The Natural History Museum in Seabury Hall circa 1895. Visible in the foreground are specimens from the 1879 Ward Collection: a plaster megatherium (giant ground sloth) with Rhomaleosaurus cramptoni mounted on the wall; in front of it is an icthyosaurus longipes encased in stone. At bottom left is a horse skeleton. Photo credit: Trinity College Archives

Trinity's first president, Thomas Church Brownell had been Professor of Chemistry and Mineralogy at Union College (Schenectady, New York), a school which was “the pioneer in offering degrees in scientific studies,” particularly Natural Sciences. Brownell envisioned Natural Sciences as being an important part of Trinity's curriculum as well.

The original Natural History Museum was housed on the third floor of Seabury Hall in a room called the Cabinet from 1825 until 1878. It is unclear whether the term “cabinet” comes from the term “Cabinet of Curiosity”; the room was also was used for college dances, examinations, and prize speaking, though it was “small, and cluttered with museum cases.”

Professor Frederick Hall, the first chair of Chemistry and Mineralogy (1824-1828), “brought to the College his valuable collection of minerals and this provided the nucleus of the Washington College Mineral Cabinet.” During his time teaching, Hall communed and traded with other mineralogists around the world to receive specimens for Trinity's collections. A snippet from an 1833 Darby and Dwight's Gazetteer describes the museum as a “mineralogical cabinet,” demonstrating that geology was initially the primary focus.

At the same time, Trinity established a botanical garden on the College grounds, for which donations of seeds and plants were solicited.

When Dr. Hall resigned from Trinity in 1828, he took his extensive collections with him. His successor, John Smyth Rogers, M.D., revived the Cabinet during his time as Professor of Chemistry and Mineralogy, but resigned in 1838 and again, took the collection with him, leaving the Mineral Cabinet “very destitute.”

The College at the time was experiencing financial difficulties and “the Trustees did not feel able to purchase replenishments,” so they asked the Associate Alumni to organize a way to restore the Cabinet. The Associate Alumni in turn passed a resolution in 1839 urging fellow alumni to send specimens of minerals and natural history to the College under care of Professor Abner Jackson, who had succeeded Rogers as Professor of Chemistry and Mineralogy.

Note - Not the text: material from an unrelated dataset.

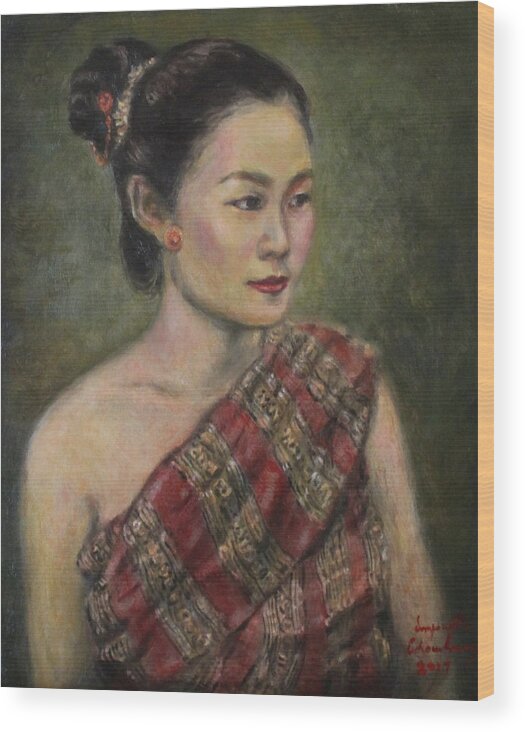 Lao Girl Wood Print featuring the painting Young Lao Maiden by Sompaseuth Chounlamany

“The challenge met with immediate response,” with alumni immediately sending collections to the College. 1) By the end of 1869, however, the College found itself with an embarrassment of riches, with students writing to the Tablet to complain: “what adequate reason there can be for allowing minerals and curiosities to remain unpacked and unassigned fitting places upon the cabinet shelves is beyond our comprehension.” 2)

Seabury Hall

In 1878, the Cabinet's collections moved to the “lower floor” 3) of Seabury Hall as it and Jarvis Hall were the only constructed buildings on the new Summit campus, though a “natural history museum” was listed as a desired feature in the campus plan designed by William Burges. The Board of Fellows encouraged its construction during the 1880s, among other buildings, though it would take several decades to come to fruition.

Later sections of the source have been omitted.